__What to do__: Among the entries below, the lines from the one with "A Mockup cover" up to and including the one with "Natural Carnelian Evil" are to be restated exactly, without pictures.
------ Provided entries
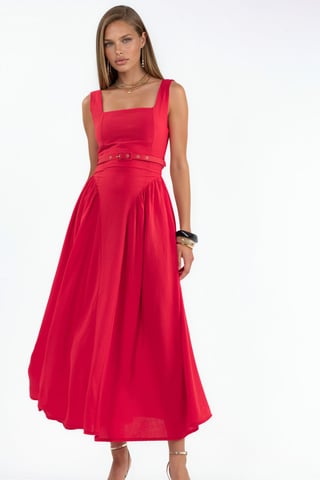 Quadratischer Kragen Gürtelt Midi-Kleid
------------
------ Provided entries
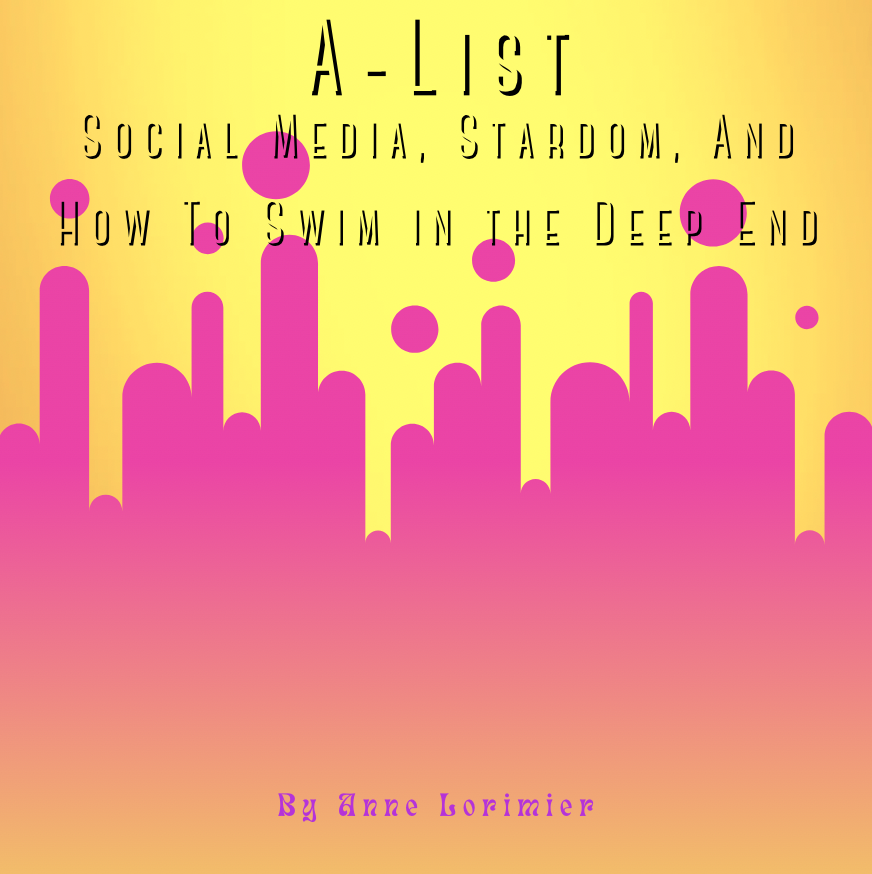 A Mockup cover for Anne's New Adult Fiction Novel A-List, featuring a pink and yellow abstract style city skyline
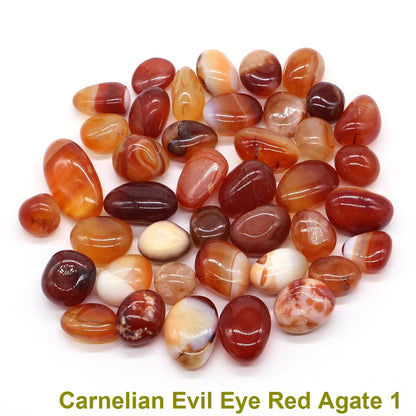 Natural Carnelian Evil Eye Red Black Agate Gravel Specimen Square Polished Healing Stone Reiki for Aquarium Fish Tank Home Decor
------------
------ Provided entries
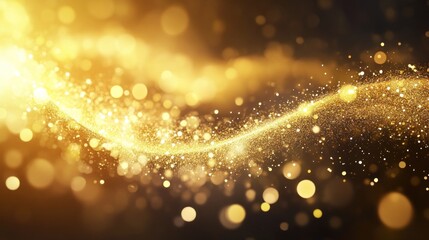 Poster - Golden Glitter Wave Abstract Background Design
------------
__Result__:
 A Mockup cover for Anne's New Adult Fiction Novel A-List, featuring a pink and yellow abstract style city skyline
 Natural Carnelian Evil Eye Red Black Agate Gravel Specimen Square Polished Healing Stone Reiki for Aquarium Fish Tank Home Decor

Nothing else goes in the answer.